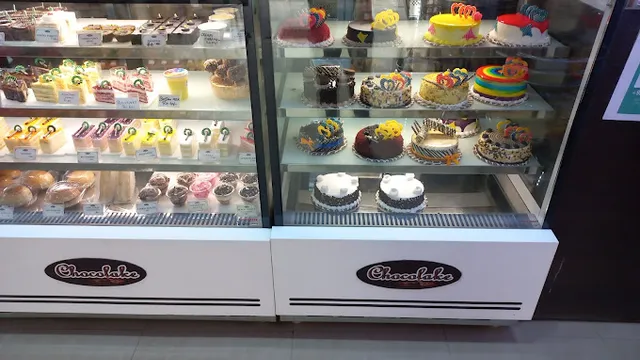 Trichy cake shop - 6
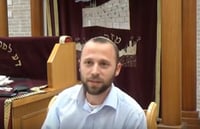 לבישת מכנסיים לנשים? 'אני מתקשה למצוא איסור בדבר'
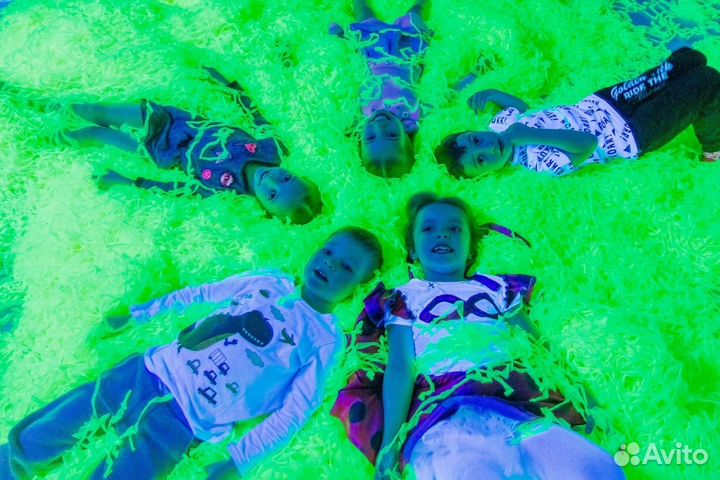 Ведущий на выпускной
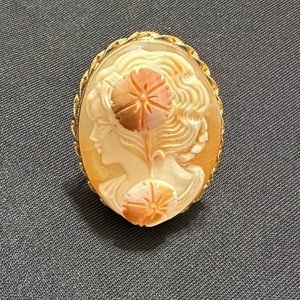 Elegant Gold Cameo Ring
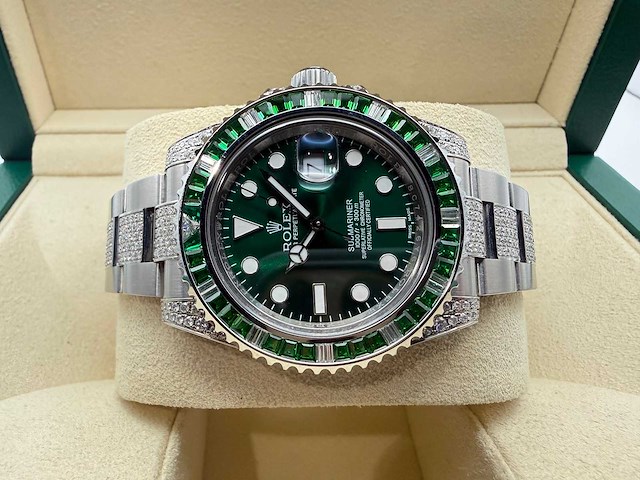 Rolex submariner date | 116610ln | "iced" out natural diamonds | 2017 - afbeelding 4 van  12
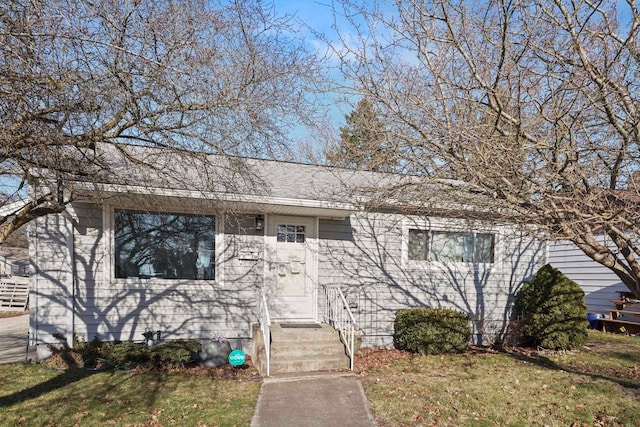 view of front of property with a front lawn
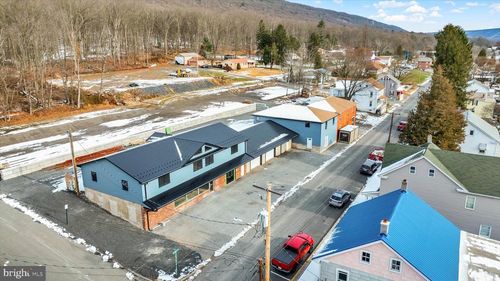 101 E Colliery Ave, TOWER CITY, PA, 17980-1107 | Card Image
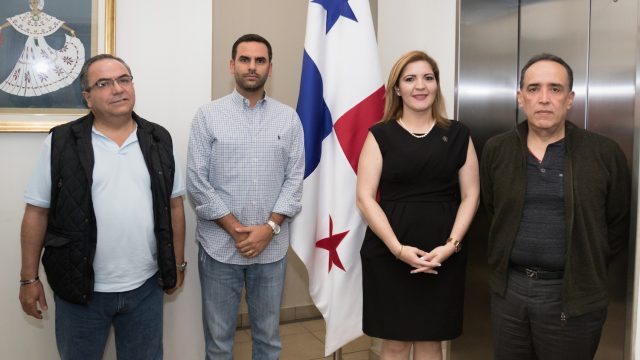 Llegada del Subprocurador Especializado en Investigación de Delitos Federales de México, Felipe de Jesús Muñoz Vásquez, acompañado del Director de procedimientos Internos, José Manuel Merino Madrid y el Director General de Asuntos Especiales en México, Carlos Hernández Azuara.
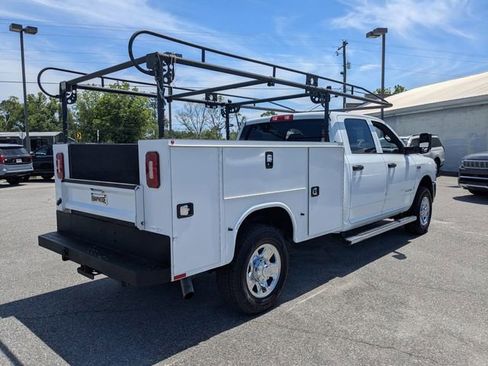 Used 2022 RAM 2500 Tradesman w/ Chrome Appearance Group AWD/4WD image 4
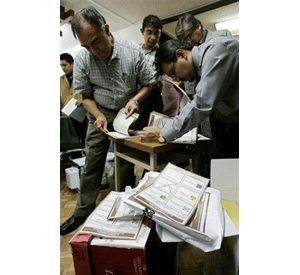 Mexico begins massive vote recount 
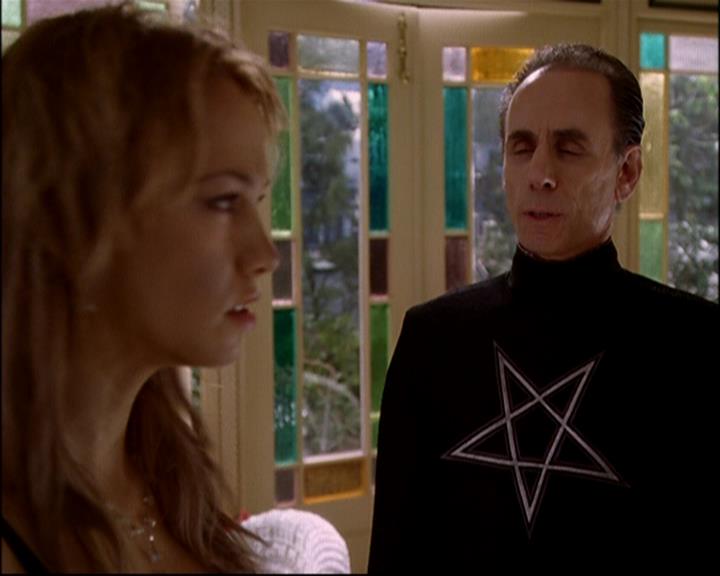 Charmed-Online-dot-816EngagedAndConfused1349.jpg Charmed-Online-dot-816EngagedAndConfused1349.jpg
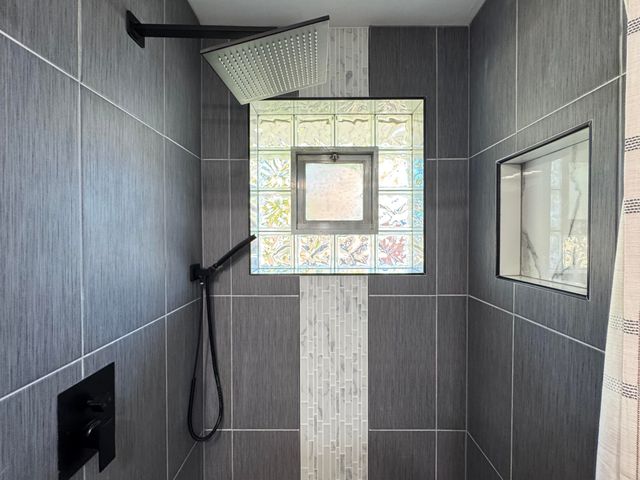 8009 Greenwood Avenue, Munster, IN 46321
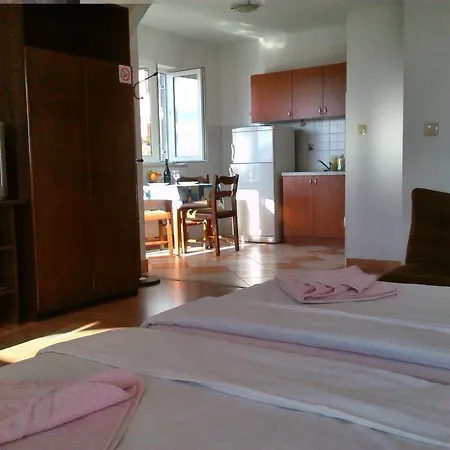 Cajic Apartman *
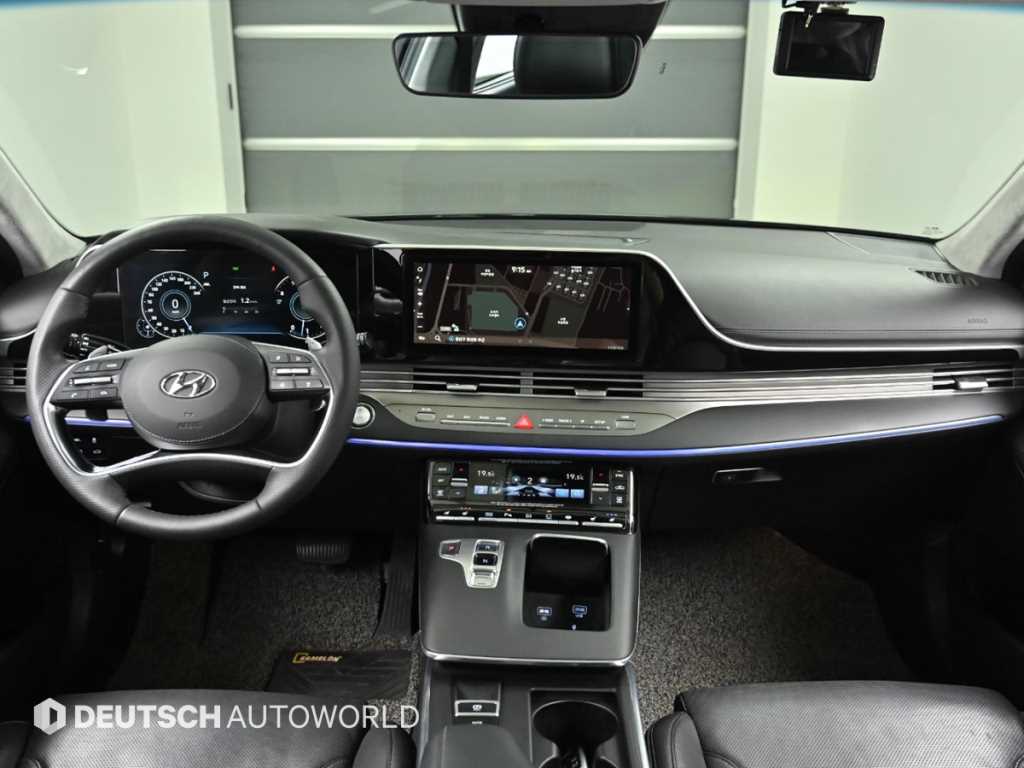 HYUNDAI Grandeur - Vista 7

- - - - -

Everything from the line holding "Llegada del Subprocurador" to the close of the records should be written out exactly, both ends included, with pictures omitted.

Solution to this exercise:
 Llegada del Subprocurador Especializado en Investigación de Delitos Federales de México, Felipe de Jesús Muñoz Vásquez, acompañado del Director de procedimientos Internos, José Manuel Merino Madrid y el Director General de Asuntos Especiales en México, Carlos Hernández Azuara.
 Used 2022 RAM 2500 Tradesman w/ Chrome Appearance Group AWD/4WD image 4
 Mexico begins massive vote recount 
 Charmed-Online-dot-816EngagedAndConfused1349.jpg Charmed-Online-dot-816EngagedAndConfused1349.jpg
 8009 Greenwood Avenue, Munster, IN 46321
 Cajic Apartman *
 HYUNDAI Grandeur - Vista 7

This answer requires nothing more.